Die Installation verwendet als Material Asburys Interpretation mit dem hr-Orchester; ihre dräuende Wucht und Hermetik atmet den Zeitgeist dieser Monate. Schnellere, luftigere Spielweisen wären denkbar, drängen sich aber nicht auf. Harrison Birtwistle übrigens lebte noch zum ursprünglich geplanten Festival-Termin; inzwischen hat sich der Westen Islands etliche Zentimeter vom Osten der Insel entfernt und die Ebene bei Þingvellir vergrößert.
Warum jetzt Þingvellir? Der zweite Festival-Abend präsentierte Musik aus Island unter dem Sub-Motto „Fire & Ice“, das hr-Sinfonieorchester wurde geleitet von dem isländischen Komponisten und Dirigenten Daníel Bjarnason. Die Auswahl der Stücke orientierte sich zunächst am Konzept einer Analogiebildung zwischen Musik und Natur. „Lendh“ von der kanadisch-isländischen Komponistin Véronique Vaka greift die geologische Thematik in programmmusikalischer Weise („mehr Ausdruck der Empfindung als Malerei“) auf, ähnlich ist „Oceans“ von María Huld Markan Sigfúsdóttir konstruiert. Beide Kompositionen lassen sich wie plastische, durchaus auch abgründig-kontrastive Musik zu Naturfilmen lesen. Páll Ragnar Pállsons „Nadryw“, eine Auftragsarbeit für das hr-Sinfonieorchester, gestaltet energetische Situationen, Entwicklungen und Brüche und erinnert darin an Birtwistles monumentalen Tanz-Entwurf.

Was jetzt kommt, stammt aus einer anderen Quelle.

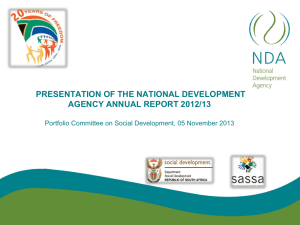 Presentation of the National Development Agency Annual Report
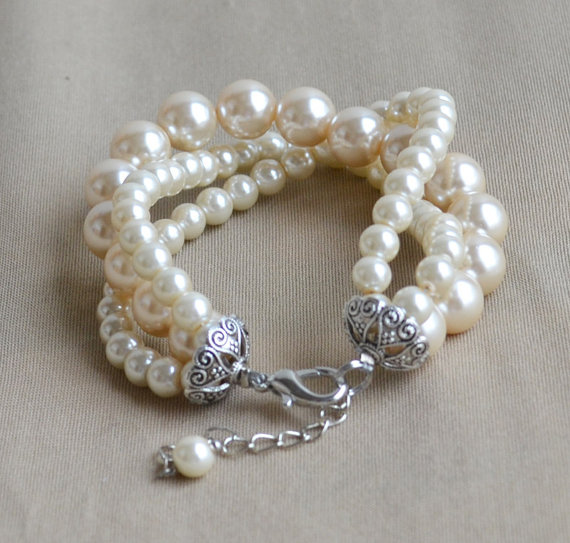 زفاف - Champagne Pearl Bracelet,Glass Pearl Bracelet,Pearl Bracelet,Wedding Bracelet,3 rows pearl bracelet,Bridesmaid Bracelet,Jewelry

Der Höhepunkt des Abends interpretierte Alis Gedicht unter dem alternativen Aspekt der Beziehung zwischen Solist und Ensemble. Der Solist in Bjarnasons Schlagzeugkonzert war der zu Recht vielbewunderte Martin Grubinger, und das Schlagzeugkonzert hat (noch) keinen offiziellen Titel. Bjarnason und Grubinger scheinen zurzeit zu „Hölle“ oder „Inferno“ zu tendiere.
Mit beeindruckend raumgreifender Energie-Entfaltung und manischer Präzision bearbeitet Grubinger vorm Orchester, mit dem Orchester, gegen das Orchester (in dem weitere vier Perkussionisten und Perkussionistinnen arbeiten) seine umfangreiche Perkussions-Welt. Bjarnasons dreisätzige Komposition fordert vom Solisten größten Einsatz, und der athletische Grubinger bleibt nichts schuldig. Im ersten Satz spielt er das Orchester fast an die Wand, der zweite bringt ein wenig Ruhe ins Geschehen, wenn drei Schlagwerker (einer davon Grubinger) eine rituelle, klangintensive Paukenphase aufführen. Der letzte Satz, überschrieben mit „Dark Shores“, führt wieder in die Nähe des Solisten-Infernos.
Es ist einerseits verständlich, andererseits überaus bedauerlich, wenn (der nicht einmal vierzigjährige) Grubinger danach ankündigt, seine Solisten-Karriere beenden zu wollen.